Arbeidsmigranten in de tuinbouw zouden de maatschappij meer kosten dan opleveren. Glastuinbouw Nederland verzet zich tegen die stellingname.
In een reactie op het rapport Gematigde groei van de Staatscommissie Demografische Ontwikkelingen 2050 benadrukt Glastuinbouw Nederland dat de arbeidsmigranten in de kassen zeker niet alleen in laagbetaalde banen werken. In het rapport wordt voorgesorteerd op het beperken van instroom van arbeidsmigranten in lagelonenbanen, die te weinig bijdragen aan groei van de economie en de brede welvaart in Nederland.

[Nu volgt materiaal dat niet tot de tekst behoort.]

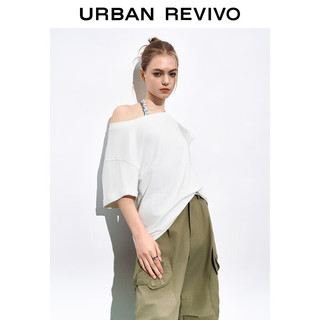 URBAN REVIVO 女士小众设计感露肩纯棉短袖T恤 UWL440098 本白 S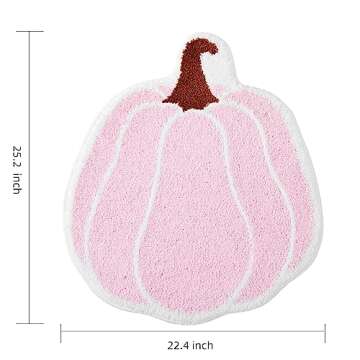 TRUEDAYS Bathroom Rugs Halloween Pink Rug Cute Pumpkin Bath Mat for Living Room, Bedroom Small Fluffy Washable Rug Non Slip Bath Mats Thanksgiving Door Mat Autumn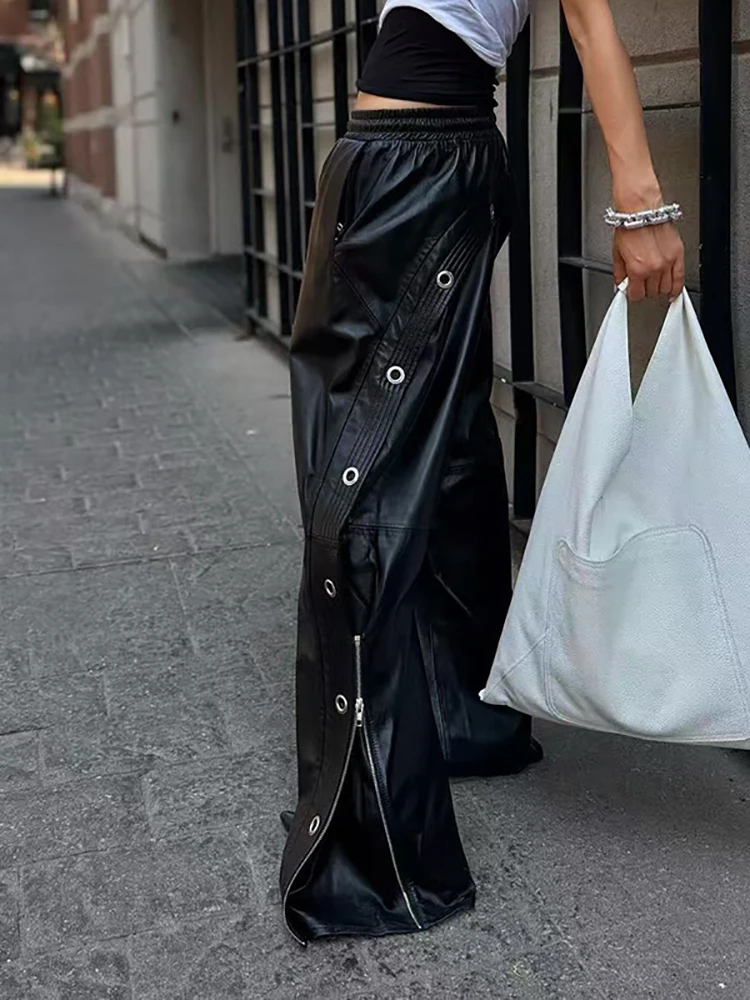 

Женские черные широкие брюки из искусственной кожи с боковыми пуговицами, повседневные свободные брюки, новый стиль осень-зима 2025 г.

“Internationale medewerkers worden verder geschoold en opgeleid tot hogere functies, zoals middenkader en bijvoorbeeld specialisten op het gebied van techniek, teelt, logistiek en marketing”, aldus Glastuinbouw Nederland. Daarnaast zet de sector al geruime tijd volop in op automatisering en robotisering om de grote vraag naar laaggeschoold productiewerk te vervangen.

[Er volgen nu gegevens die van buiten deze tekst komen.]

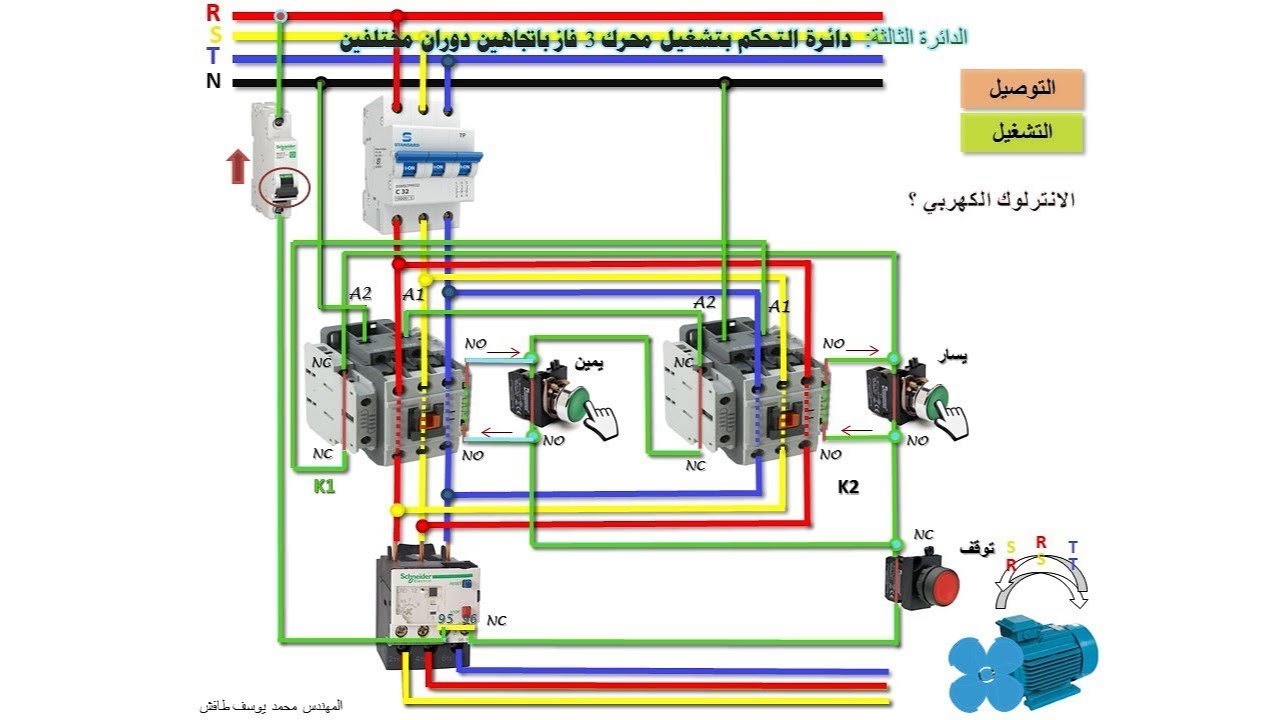 دائرة التحكم بتشغيل محرك ثلاثي الأوجه (3 فاز) باتجاهين دوران مختلفين - التحكم الكهربائي الصناعي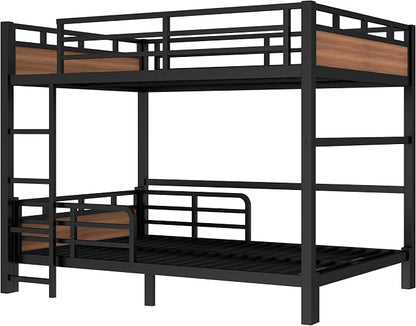 Full Over Full Metal Bunk Bed, Heavy Duty Convertible Bunk Bed Frame with Headboard & Full Guardrails, Can Be Split into Two Platform Beds or Loft Bed,Walnut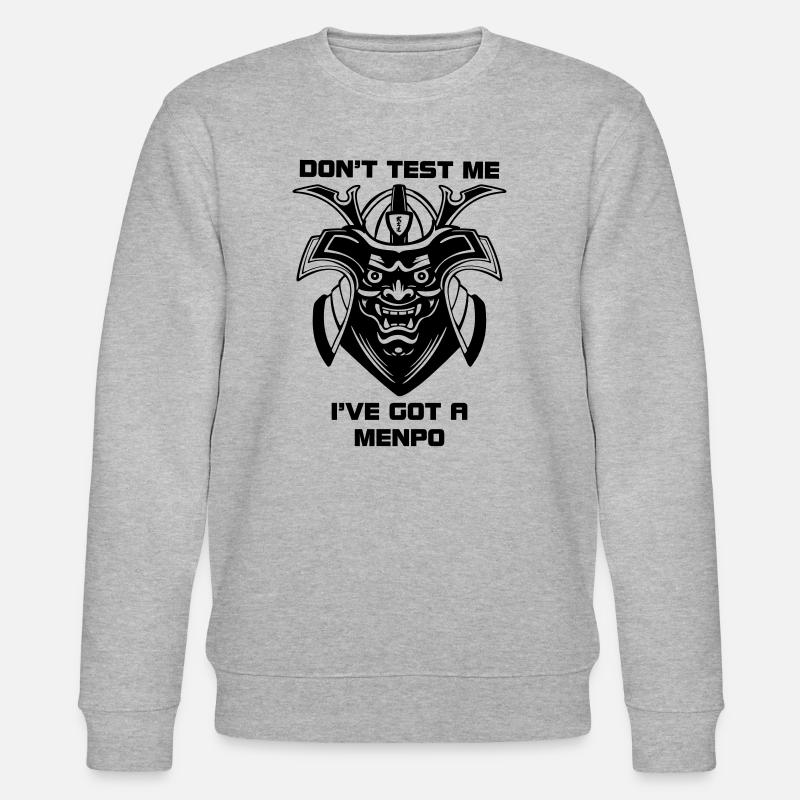 Menpo Maske – Teste mich nicht - Stanley/Stella Unisex Bio-Sweatshirt CHANGER  - Grau meliert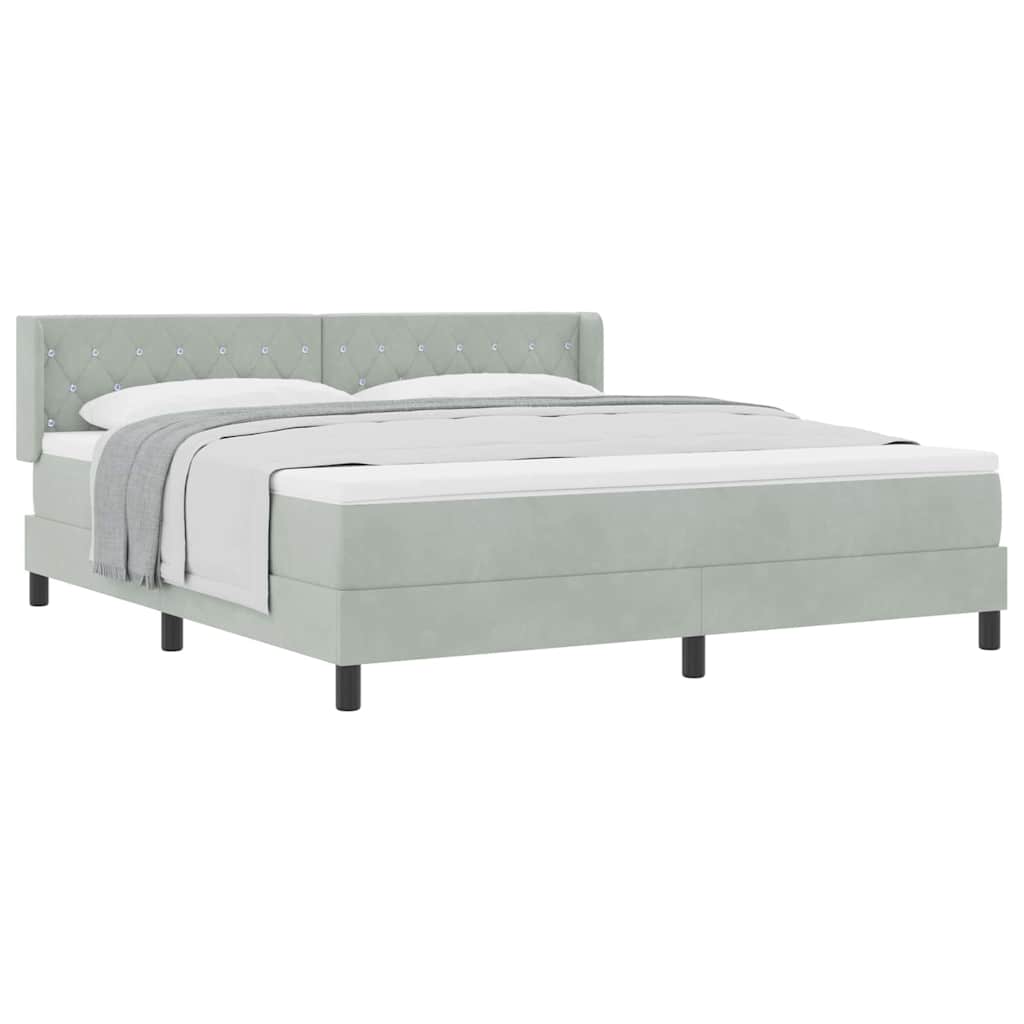 Boxspringbett mit Matratze Schwarz 100x200 cm Velvet Hellgrau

‘Problemen in slachthuizen en kassen’
Voorzitter van de staatscommissie Richard van Zwol stelde deze week in een interview met NRC dat arbeidsmigratie niet zozeer ergens een oplossing voor is als wel een verdienmodel voor werkgevers. “Werkgevers worden er rijk van, arbeidsmigranten zelf niet. Zij werken en wonen vaak in slechte omstandigheden, bepaalde groepen zorgen voor overlast en onleefbaarheid in wijken, en gemeenten en de belastingbetaler zitten met de rekening daarvan. De problemen zitten bij de arbeidsmigranten in slachthuizen die vooral exporteren, het zoveelste distributiecentrum, de kassen.”